• **Task objective**: Exactly what is written in the records below should be returned, minus the images.

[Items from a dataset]
————
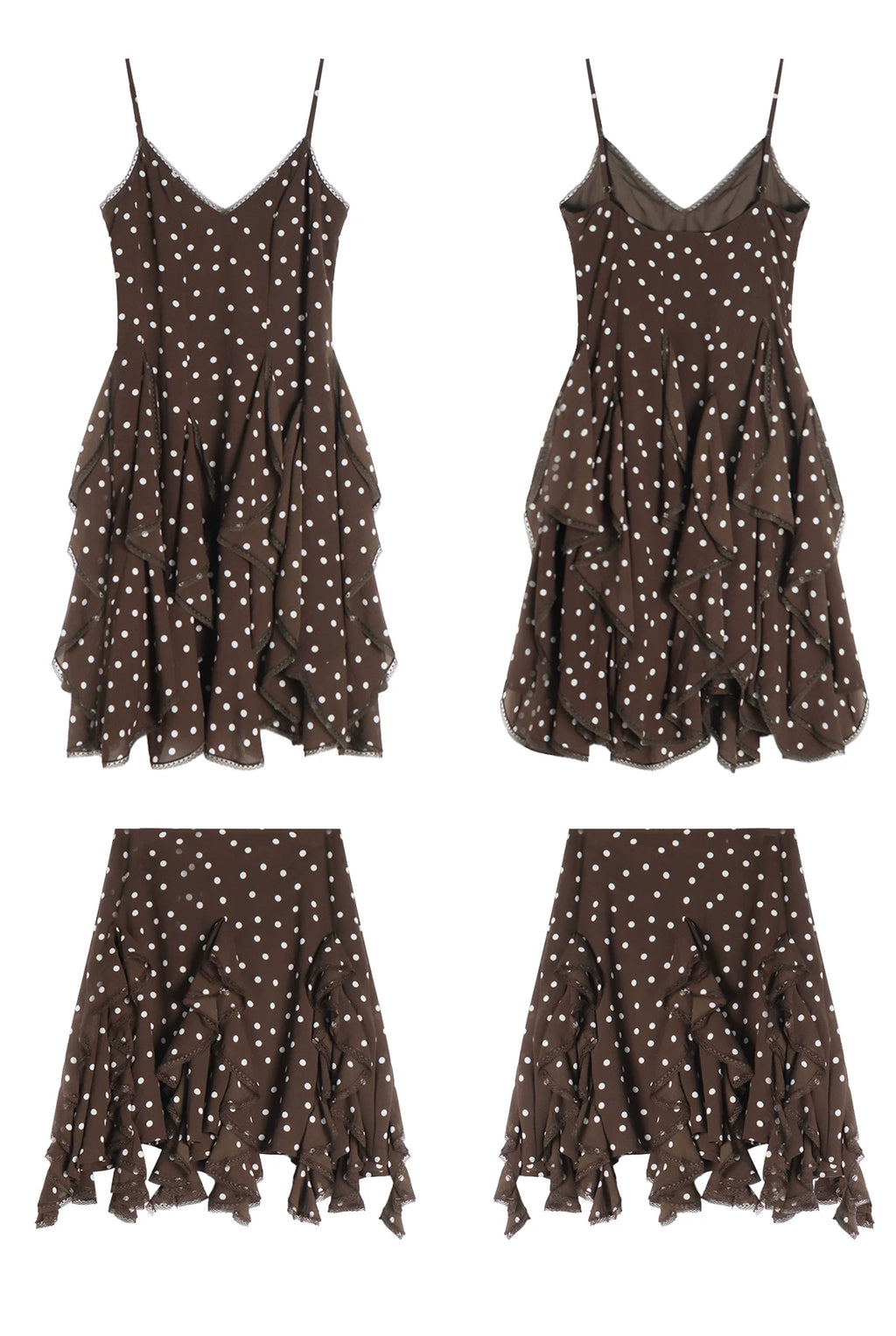 TYANG Retro Polka Dot Irregular Suspender Skirt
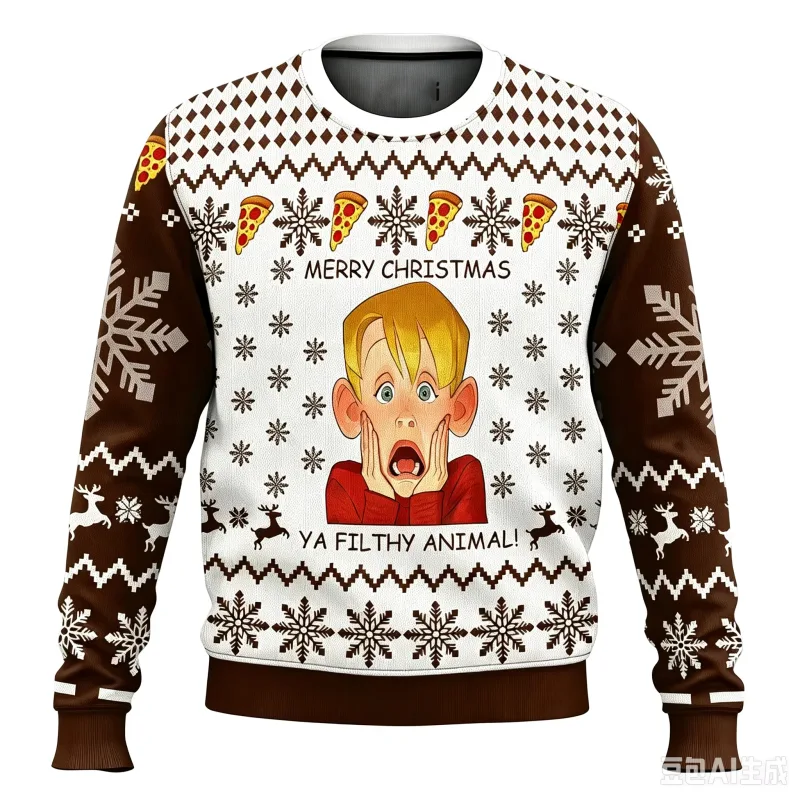 Suéter feio de feliz Natal para homens e mulheres, pulôver de animação de desenho animado, top de manga comprida estilo Harajuku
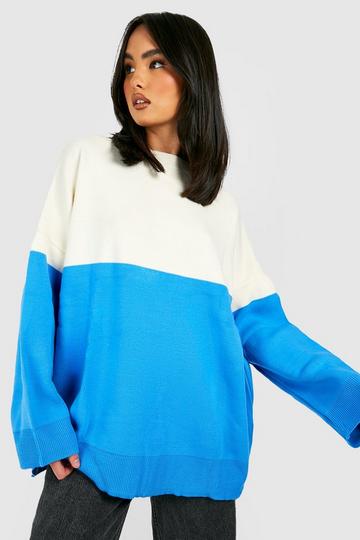 Spliced Crew Neck Knitted Sweater blue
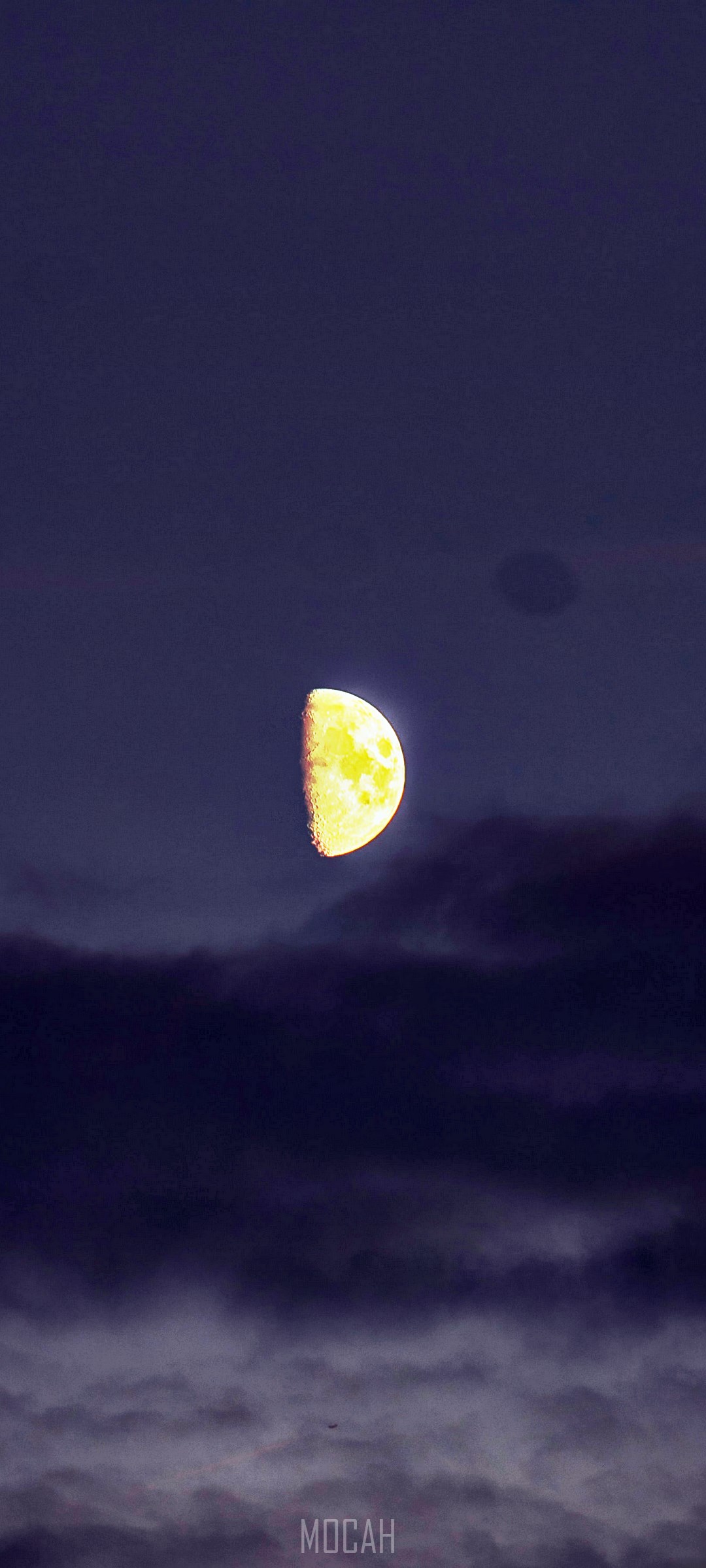 Half moon in the night sky with clouds HD Phone Wallpaper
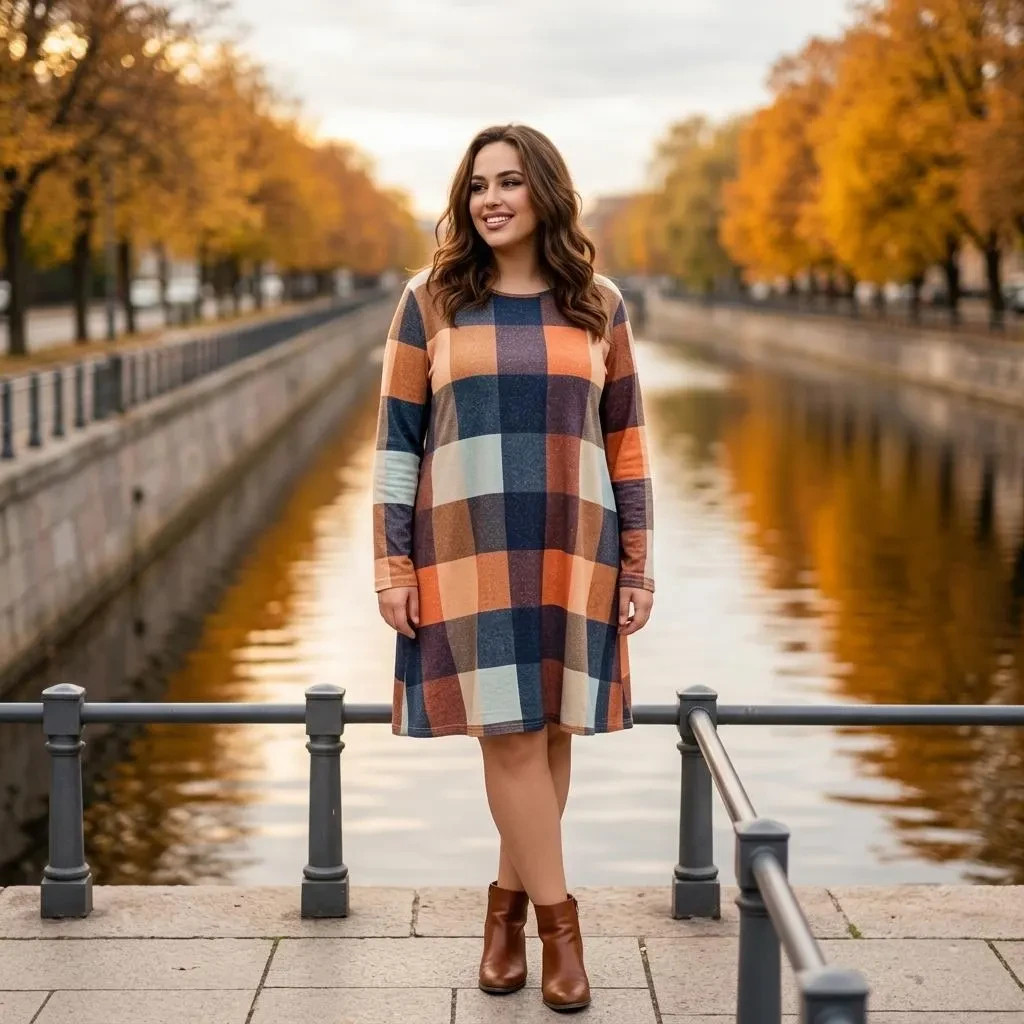 Multi-color Fall Winter Long Sleeve Sweater Dress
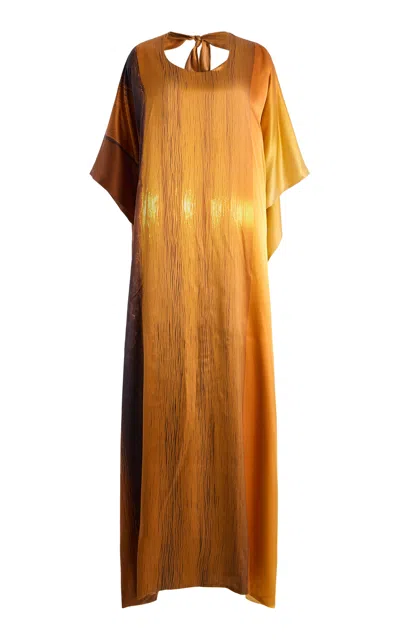 Marie Adam-leenaerdt Sunet Landscape Silk Maxi Dress In Orange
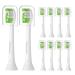 Pisonicleara Replacement Toothbrush Heads Compatible with Philips Sonicare Electric Tooth Brush(10 Pack) Refill DiamondClean HX9023 HX9265 4100 C2 C3 C1 W2 W3
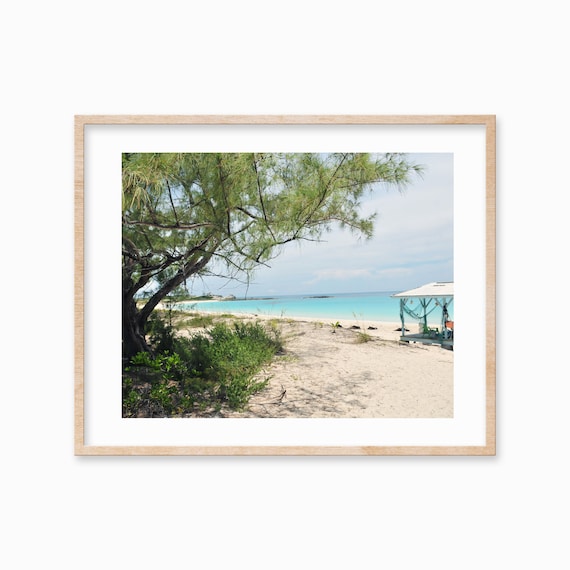 Bahamas Print Compass Cay Beach Photography The Out Islands Wall Decor Blue Beach Wall Art Art Beach Hut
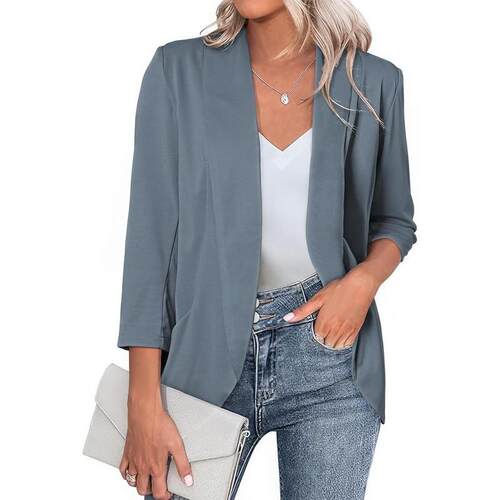 R 64312 Autumn New Sleeve Single Button Blazer 气质西装领外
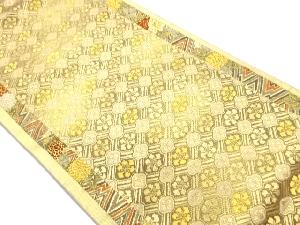 加納幸織物製　花菱に花々・幾何学模様織出し袋帯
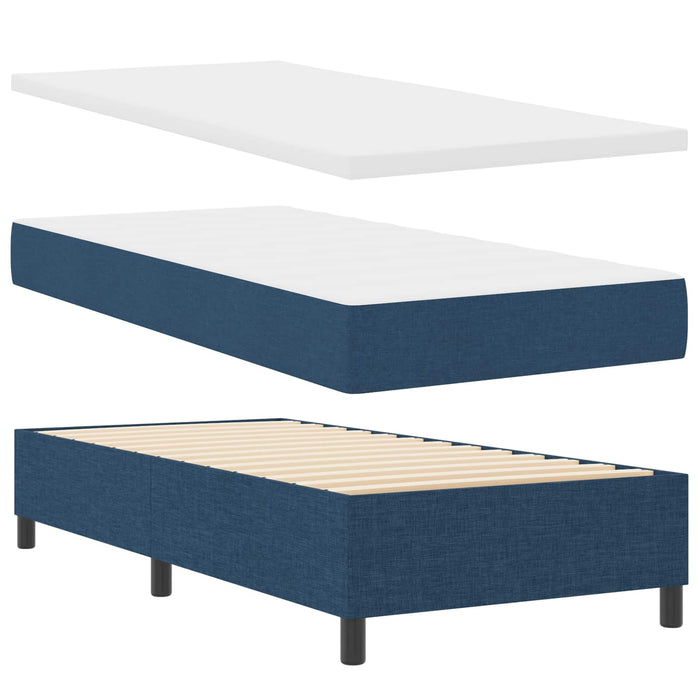 Pat cu arcuri cu benzi LED albastru 90 x 190 cm țesătură - WALTI WALTI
————
• **Exercise answer**:
 TYANG Retro Polka Dot Irregular Suspender Skirt
 Suéter feio de feliz Natal para homens e mulheres, pulôver de animação de desenho animado, top de manga comprida estilo Harajuku
 Spliced Crew Neck Knitted Sweater blue
 Half moon in the night sky with clouds HD Phone Wallpaper
 Multi-color Fall Winter Long Sleeve Sweater Dress
 Marie Adam-leenaerdt Sunet Landscape Silk Maxi Dress In Orange
 Pisonicleara Replacement Toothbrush Heads Compatible with Philips Sonicare Electric Tooth Brush(10 Pack) Refill DiamondClean HX9023 HX9265 4100 C2 C3 C1 W2 W3
 Bahamas Print Compass Cay Beach Photography The Out Islands Wall Decor Blue Beach Wall Art Art Beach Hut
 R 64312 Autumn New Sleeve Single Button Blazer 气质西装领外
 加納幸織物製　花菱に花々・幾何学模様織出し袋帯
 Pat cu arcuri cu benzi LED albastru 90 x 190 cm țesătură - WALTI WALTI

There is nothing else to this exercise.